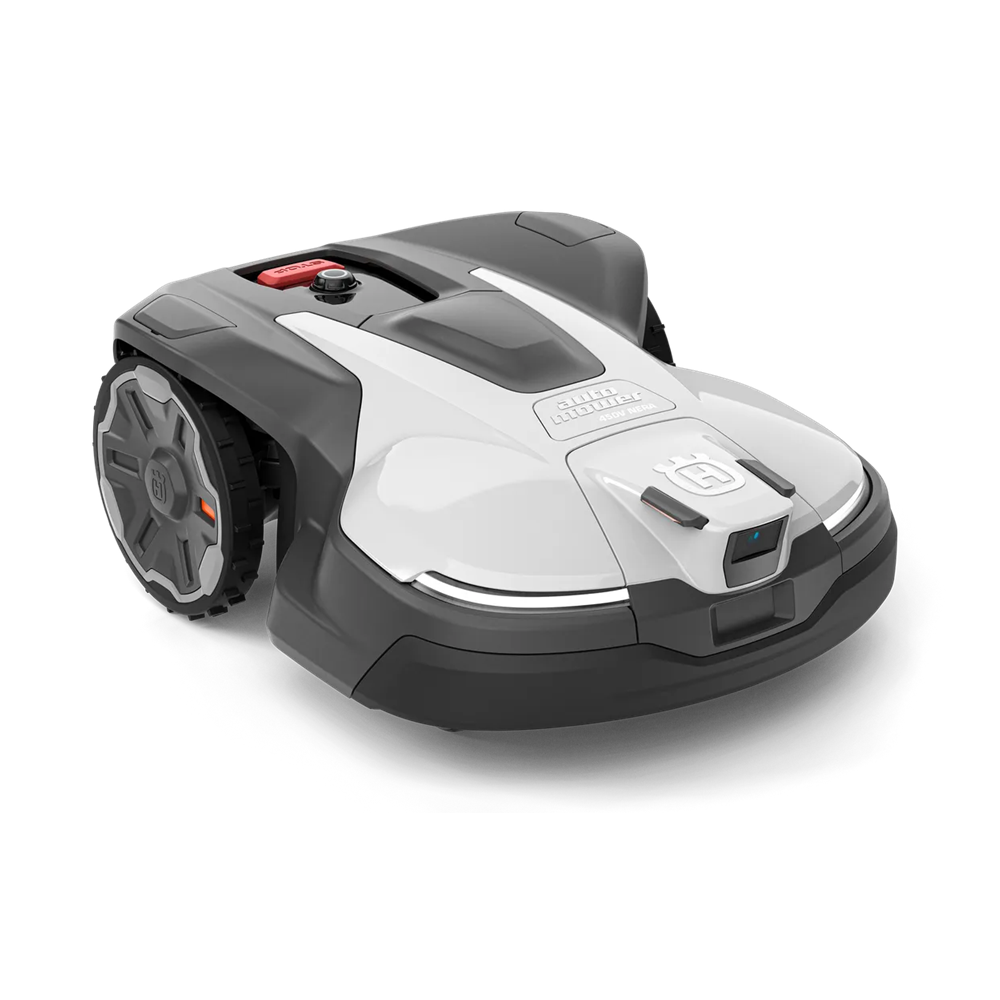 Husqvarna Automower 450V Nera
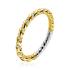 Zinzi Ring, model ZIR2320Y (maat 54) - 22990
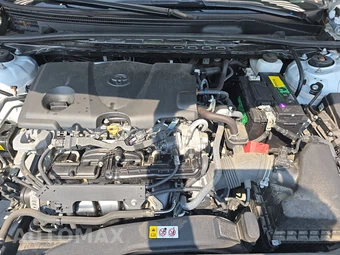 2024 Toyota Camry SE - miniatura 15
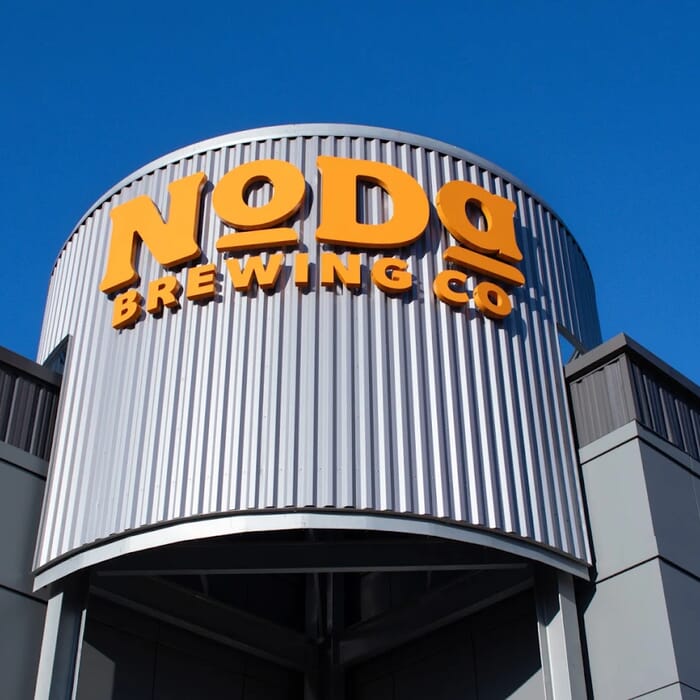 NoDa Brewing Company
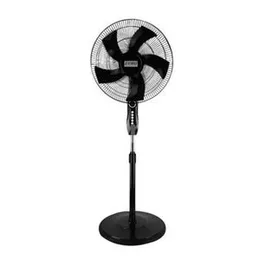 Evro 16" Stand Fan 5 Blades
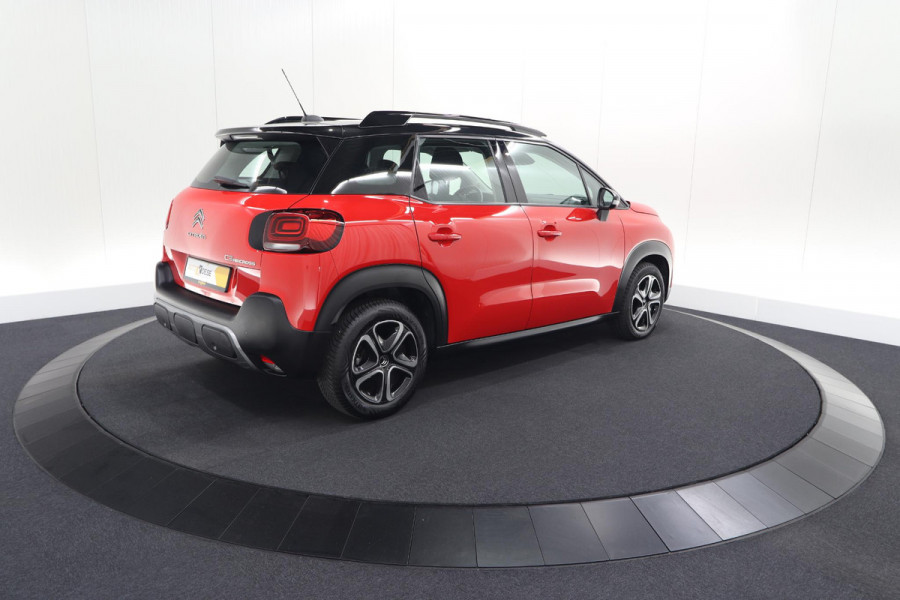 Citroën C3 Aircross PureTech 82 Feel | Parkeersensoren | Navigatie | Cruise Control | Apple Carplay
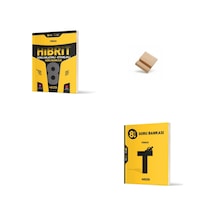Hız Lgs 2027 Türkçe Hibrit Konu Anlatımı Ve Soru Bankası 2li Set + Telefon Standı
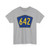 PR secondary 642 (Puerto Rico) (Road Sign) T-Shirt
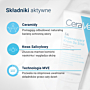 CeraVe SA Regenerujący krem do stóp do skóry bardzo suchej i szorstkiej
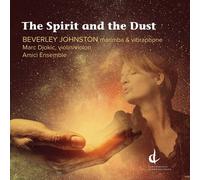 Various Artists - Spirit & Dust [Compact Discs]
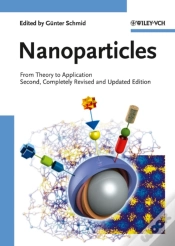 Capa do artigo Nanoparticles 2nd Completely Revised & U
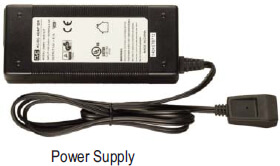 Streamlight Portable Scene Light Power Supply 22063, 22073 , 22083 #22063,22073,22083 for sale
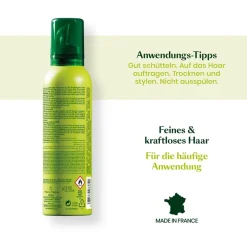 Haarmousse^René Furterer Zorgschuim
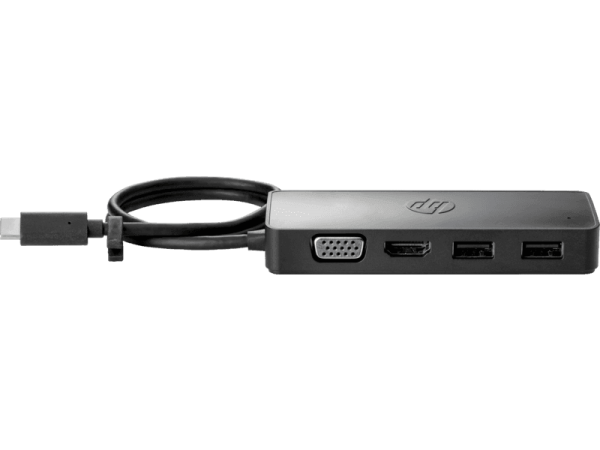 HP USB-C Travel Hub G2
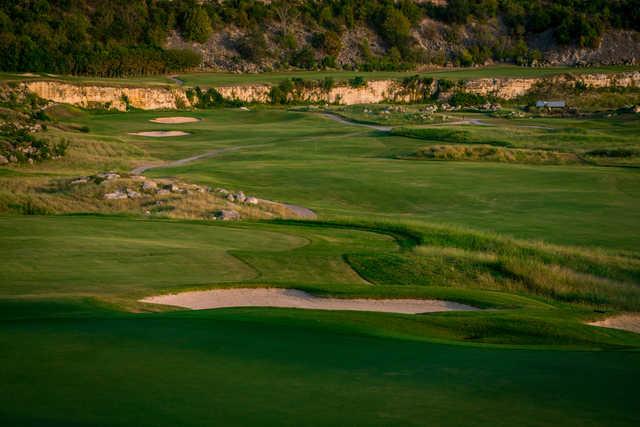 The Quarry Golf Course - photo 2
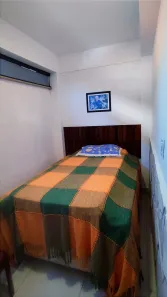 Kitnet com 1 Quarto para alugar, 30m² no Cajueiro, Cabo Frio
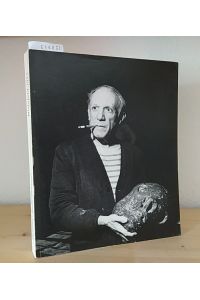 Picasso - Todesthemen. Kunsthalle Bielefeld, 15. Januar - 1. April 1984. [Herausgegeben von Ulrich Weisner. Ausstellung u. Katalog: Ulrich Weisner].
····················
▶ **Exercise requirements**: Give the entries again exactly, but skip every image.

▶ **Task output**:
 Husqvarna Automower 450V Nera
 Zinzi Ring, model ZIR2320Y (maat 54) - 22990
 2024 Toyota Camry SE - miniatura 15
 NoDa Brewing Company
 Evro 16" Stand Fan 5 Blades
 Citroën C3 Aircross PureTech 82 Feel | Parkeersensoren | Navigatie | Cruise Control | Apple Carplay
Hız Lgs 2027 Türkçe Hibrit Konu Anlatımı Ve Soru Bankası 2li Set + Telefon Standı
 PR secondary 642 (Puerto Rico) (Road Sign) T-Shirt
 CeraVe SA Regenerujący krem do stóp do skóry bardzo suchej i szorstkiej
 Various Artists - Spirit & Dust [Compact Discs]
 Capa do artigo Nanoparticles 2nd Completely Revised & U
 Streamlight Portable Scene Light Power Supply 22063, 22073 , 22083 #22063,22073,22083 for sale
 Haarmousse^René Furterer Zorgschuim
 HP USB-C Travel Hub G2
 The Quarry Golf Course - photo 2
 Kitnet com 1 Quarto para alugar, 30m² no Cajueiro, Cabo Frio
 Picasso - Todesthemen. Kunsthalle Bielefeld, 15. Januar - 1. April 1984. [Herausgegeben von Ulrich Weisner. Ausstellung u. Katalog: Ulrich Weisner].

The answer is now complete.